Avro’ya geçişe durumları henüz uygun bulunmayan 7 AB üyesinin Orta ve Doğu Avrupalı ülkeler olduğu görülüyor. Bugün Avro üyesi zayıf halkaların başına gelenleri gördükçe bunlar, “İyi ki Avro’ya geçmemişiz” diye seviniyor olabilirler. Çünkü, bu ülkeler, küresel krizin darboğazları ile yüz yüze kalınca IMF ile anlaşmalar yaptılar, devalüasyon ve kemer sıkma ile IMF’den kredi kullanıp kriz hasarlarını, iyi kötü onardılar. Kamu maliyeleri, Güney Avrupalılar kadar sorunlu olmadığı gibi, cari dengeleri de baş edilmez boyutlarda değil.

Kaynak:Eurostat ,AMB ve IMF veri tabanları

Polonya ve Çek Cumhuriyeti’nin başını çektiği bu grup ülkelere, ağırlıkla, Almanya ve Fransa, ucuz ve görece kalifiye emek fırsatını değerlendirmek üzere, bazı sanayi yatırımlarını kaydırdılar.

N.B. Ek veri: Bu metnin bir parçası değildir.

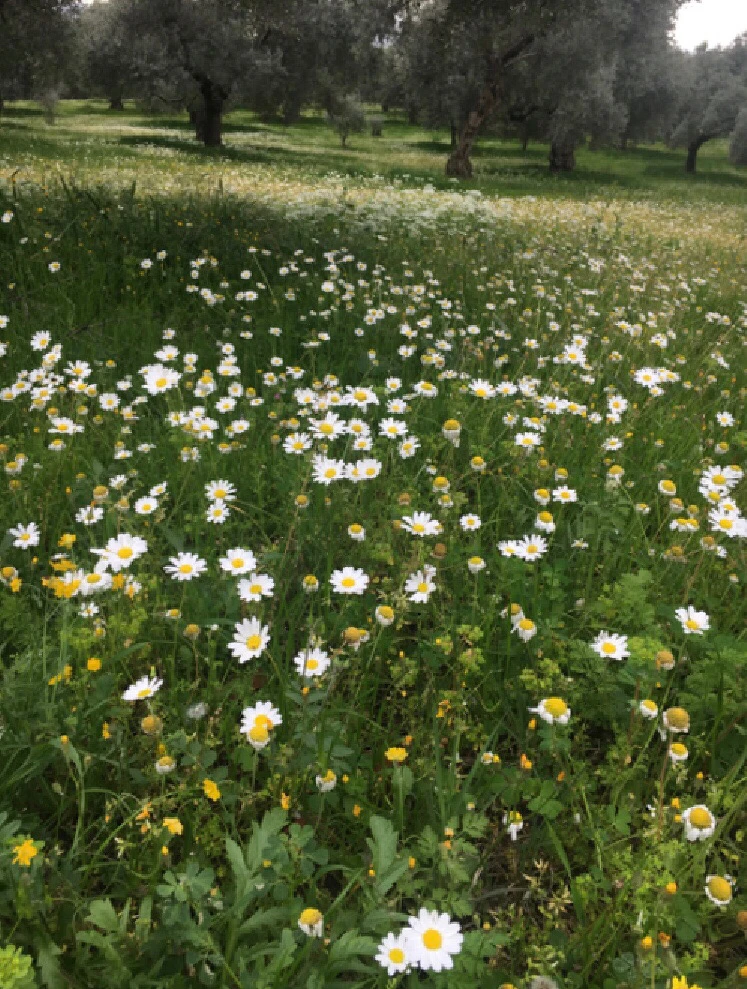 Sizce bu mevsimin adı sadece Bahar mı?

Bu ülkelere, geleceğin Avrupa tasarımında da zengin Avrupalı kulübün arka bahçesi, çevre ülkeleri olma rolü  verilebilir.

Orta ve Doğu Avrupa’nın Avro dışı AB üyeleri, türdeş bir görünüm sergilerken AB üyesi olup da Avro alanının dışında kalan varlıklı bir grubu da İngiltere, Danimarka ve İsveç oluşturuyor. Bunlardan “Vikingler”, Danimarka ve İsveç, küresel krizle en başarılı biçimde baş etmiş ülkeler. AB dışında duran Norveç ve Avro alanının tuzu kuru üyelerinden Finlandiya’yı da dikkate alarak İskandinav ülkelerinin, Avrupa’nın derdi en az ülkeleri olduğunu söylemek yanlış olmaz. Bunun hikmeti, tabi ki ayrı bir analiz konusu.

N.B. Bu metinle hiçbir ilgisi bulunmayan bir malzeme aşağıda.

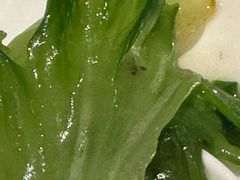 虾酱啫生菜胆-小炳胜(卓悦中心店)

Kaynak:Eurostat  ,AMB ve IMF veri tabanları

 2007-2008’de ABD ile birlikte, finans krizini en derinden yaşayan İngiltere, Avro krizinin dışında olmaktan memnun. Bununla beraber, aynı İngiltere, küresel kriz enkazını onarmaya çalışırken yol açtığı  bütçe açıklarını ve kamu borç yükünü düşürme sorununu aşmış değil. Bunu yapmaya çalışırken sokak ile başı dertte ve yeni bir büyüme ivmesi de henüz yakalayamadı. İngiltere’nin, Avro alanının yeniden yapılanması sürecinde, tercihini ve duruşunu değiştireceğini beklememek gerekir. Özetle, bu 3 ülke, yeni dönemde de mevcut tercihlerini koruyacak gibi görünüyorlar.

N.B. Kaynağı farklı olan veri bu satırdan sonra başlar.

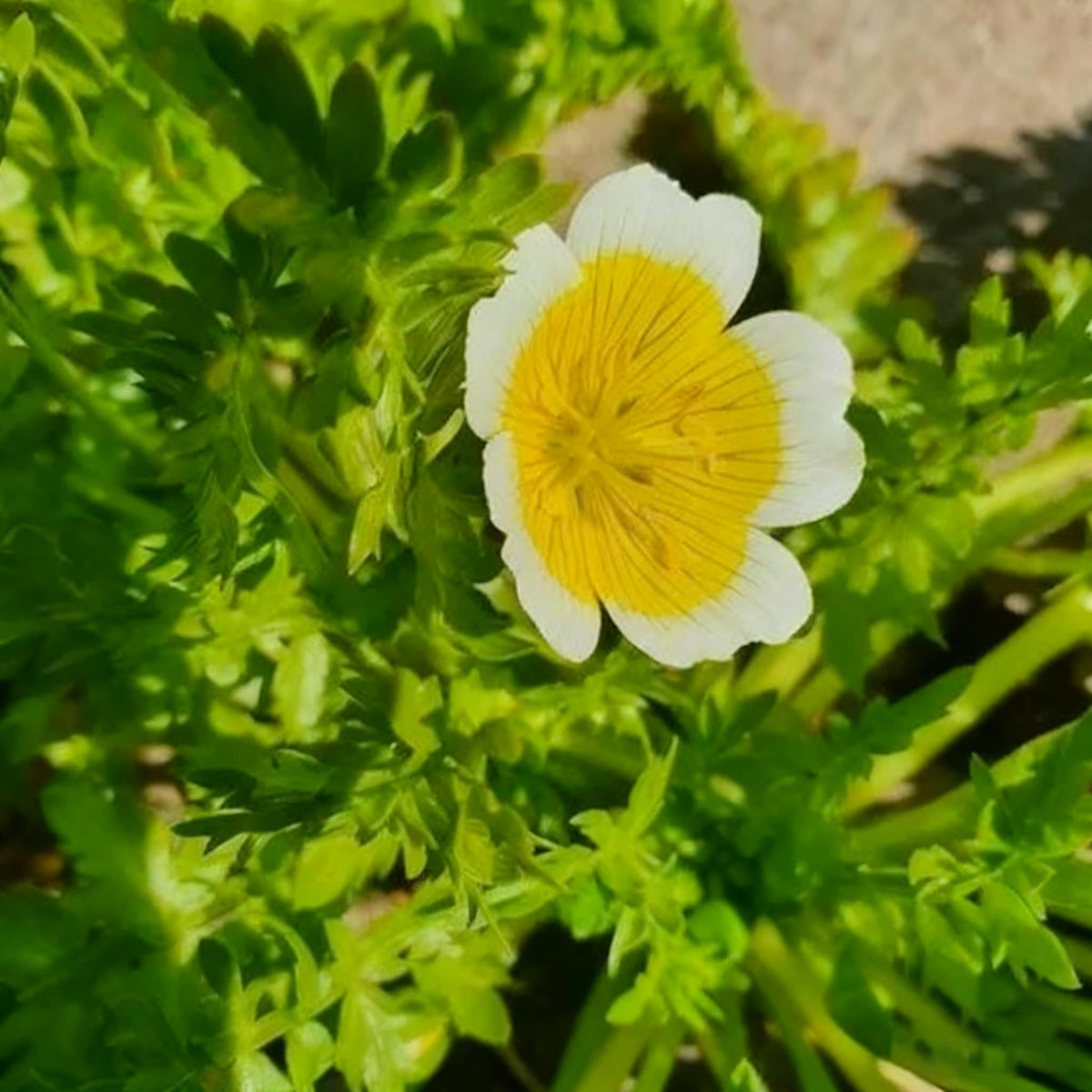 Generic cool-season annual seeds offer blooms from spring to early summer.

Bu parçalanmışlık karşısında Almanya, kendi patronajında yeni bir Avrupa tasarlarken Türkiye için nasıl bir rol  düşünür? Bütçe ve kamu borç yükü göstergeleri açısından Avrupalıları kıskandıracak durumdaki Türkiye’nin, milli gelirinin yüzde 10’unu bulan ürpertici cari açık kamburu, onu hemen gözden düşürüyor. Sıcak para giriş-çıkışıyla büyüyüp küçülen Türkiye ekonomisi, Avrupa’daki altüst oluştan, ihraç pazarı kaybı ve sermaye geri çekilişi yoluyla zarar görüyor. Bu, ekonomik küçülme, artan işsizlik ve diğer göstergelerin bozulması demek. Geleceğin Türkiye’si, lider Almanya için nimetleri kadar, külfetleri de büyük bir ülke. Sosyal, siyasal, kültürel yapısı hala sorunlu, uyumdan uzak.

 Almanya için Türkiye’nin daha uzun süre aday ülke statüsünde tutularak etinden, sütünden faydalanılması ana hedeftir. Sızlanmalar olursa da, “özel statü” vererek  ama asla tam üye ilişkisine girmeden el altında tutmak ana yaklaşım olacaktır. Bundan daha fazlasını ummak, AKP’li hayalperestlerin düştükleri hatayı paylaşıp, kendini dev aynasında görmek olur.